Luay Suboh, 10, from Beit Lahiya, lost his eyesight and some skin on his face Saturday when, his mother said, a fiery substance clung to him as he darted home from a shelter where his family was staying to pick up clothes.
The substance smelled like burned trash, said Ms. Jaawanah, the mother who fled her home in Zeitoun, who had experienced it too. She had no affection for Hamas, but her sufferings were changing that. “Do you think I’m against them firing rockets now?” she asked, referring to Hamas. “No. I was against it before. Not anymore.”
It’s far easier to imagine a population subjected to this treatment becoming increasingly radicalized and belligerent rather than submissive and compliant, as Friedman intends. But while the efficacy of The Friedman Strategy is unclear, the fact that it is a perfect distillation of a “war crime” and “terrorism” is not unclear at all.

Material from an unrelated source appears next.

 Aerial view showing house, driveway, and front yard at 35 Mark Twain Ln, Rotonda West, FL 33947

One might ordinarily find it surprising that our elite opinion-makers are so openly and explicitly advocating war crimes and terrorism (“inflict substantial property damage and collateral casualties on Lebanon at large” and “‘educate’ Hamas by inflicting heavy pain on the Gaza population”). But when one considers that most of this, in the U.S., is coming from the very people who applied the same “suck-on-this” reasoning to justify the destruction of Iraq, and even more so, when one considers that our highest political officials are now so openly — even proudly — acknowledging their own war crimes, while our political and media elites desperately (and almost unanimously) engage in every possible maneuver to protect them from any consequences from that, Friedman’s explicit advocacy of these sorts of things is a perfectly natural thing to see.